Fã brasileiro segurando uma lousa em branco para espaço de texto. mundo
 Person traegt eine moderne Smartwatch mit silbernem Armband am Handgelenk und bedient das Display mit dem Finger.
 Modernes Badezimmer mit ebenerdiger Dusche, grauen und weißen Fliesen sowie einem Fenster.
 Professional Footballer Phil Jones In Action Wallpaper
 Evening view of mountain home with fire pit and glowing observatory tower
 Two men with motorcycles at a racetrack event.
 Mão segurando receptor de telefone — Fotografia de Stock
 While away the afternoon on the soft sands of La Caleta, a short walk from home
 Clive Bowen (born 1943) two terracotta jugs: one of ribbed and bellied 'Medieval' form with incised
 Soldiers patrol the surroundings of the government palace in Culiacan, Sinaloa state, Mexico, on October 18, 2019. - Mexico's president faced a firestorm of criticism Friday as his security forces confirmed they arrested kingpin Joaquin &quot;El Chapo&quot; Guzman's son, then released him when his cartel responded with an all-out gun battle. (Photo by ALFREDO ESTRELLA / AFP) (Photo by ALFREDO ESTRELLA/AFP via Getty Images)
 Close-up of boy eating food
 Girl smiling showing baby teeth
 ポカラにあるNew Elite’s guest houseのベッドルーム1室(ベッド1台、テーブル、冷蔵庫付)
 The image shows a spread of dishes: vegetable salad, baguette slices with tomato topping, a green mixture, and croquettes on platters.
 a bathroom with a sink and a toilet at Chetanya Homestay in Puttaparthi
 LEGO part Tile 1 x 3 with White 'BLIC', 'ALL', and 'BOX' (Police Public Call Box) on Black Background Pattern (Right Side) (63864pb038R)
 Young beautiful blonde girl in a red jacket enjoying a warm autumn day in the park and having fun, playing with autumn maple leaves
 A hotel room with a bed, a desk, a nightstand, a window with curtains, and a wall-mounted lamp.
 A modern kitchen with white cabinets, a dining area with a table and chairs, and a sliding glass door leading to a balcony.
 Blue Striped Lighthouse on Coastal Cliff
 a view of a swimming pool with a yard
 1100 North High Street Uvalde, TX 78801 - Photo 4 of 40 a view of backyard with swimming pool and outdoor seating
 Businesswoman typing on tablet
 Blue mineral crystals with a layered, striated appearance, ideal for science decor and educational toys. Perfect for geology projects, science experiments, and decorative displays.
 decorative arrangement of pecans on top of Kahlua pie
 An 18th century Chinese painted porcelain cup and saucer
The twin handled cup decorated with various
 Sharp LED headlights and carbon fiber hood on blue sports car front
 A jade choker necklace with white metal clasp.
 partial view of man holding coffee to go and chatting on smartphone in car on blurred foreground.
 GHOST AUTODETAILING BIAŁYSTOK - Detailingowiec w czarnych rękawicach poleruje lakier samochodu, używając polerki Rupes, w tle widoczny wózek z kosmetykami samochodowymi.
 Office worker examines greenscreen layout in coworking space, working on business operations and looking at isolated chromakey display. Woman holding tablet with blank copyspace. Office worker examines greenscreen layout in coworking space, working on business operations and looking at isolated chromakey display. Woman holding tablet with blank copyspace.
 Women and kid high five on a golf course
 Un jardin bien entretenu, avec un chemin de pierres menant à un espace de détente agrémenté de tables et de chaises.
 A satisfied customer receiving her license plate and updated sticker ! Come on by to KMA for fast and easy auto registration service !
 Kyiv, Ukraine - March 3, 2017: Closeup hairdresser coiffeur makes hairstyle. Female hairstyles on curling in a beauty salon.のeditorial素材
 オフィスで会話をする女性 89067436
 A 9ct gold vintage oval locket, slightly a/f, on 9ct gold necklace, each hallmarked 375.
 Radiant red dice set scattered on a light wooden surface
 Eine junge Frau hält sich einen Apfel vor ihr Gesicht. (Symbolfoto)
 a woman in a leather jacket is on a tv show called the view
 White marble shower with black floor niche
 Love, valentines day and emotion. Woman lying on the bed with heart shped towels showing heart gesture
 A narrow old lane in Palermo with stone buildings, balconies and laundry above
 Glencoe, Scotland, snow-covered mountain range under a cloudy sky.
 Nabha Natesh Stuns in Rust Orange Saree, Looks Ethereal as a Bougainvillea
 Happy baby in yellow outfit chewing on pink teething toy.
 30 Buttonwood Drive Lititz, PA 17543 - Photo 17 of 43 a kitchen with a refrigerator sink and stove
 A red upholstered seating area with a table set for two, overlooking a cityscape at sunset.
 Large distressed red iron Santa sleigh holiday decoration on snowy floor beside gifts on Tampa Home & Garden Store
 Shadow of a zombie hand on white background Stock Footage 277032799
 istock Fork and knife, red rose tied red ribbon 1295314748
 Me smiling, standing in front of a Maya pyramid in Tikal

**What is required**
From the very first line of the data through the line with "Professional Footballer Phil" in it, please reproduce each line exactly and output nothing more.

**Response for this exercise**
Fã brasileiro segurando uma lousa em branco para espaço de texto. mundo
 Person traegt eine moderne Smartwatch mit silbernem Armband am Handgelenk und bedient das Display mit dem Finger.
 Modernes Badezimmer mit ebenerdiger Dusche, grauen und weißen Fliesen sowie einem Fenster.
 Professional Footballer Phil Jones In Action Wallpaper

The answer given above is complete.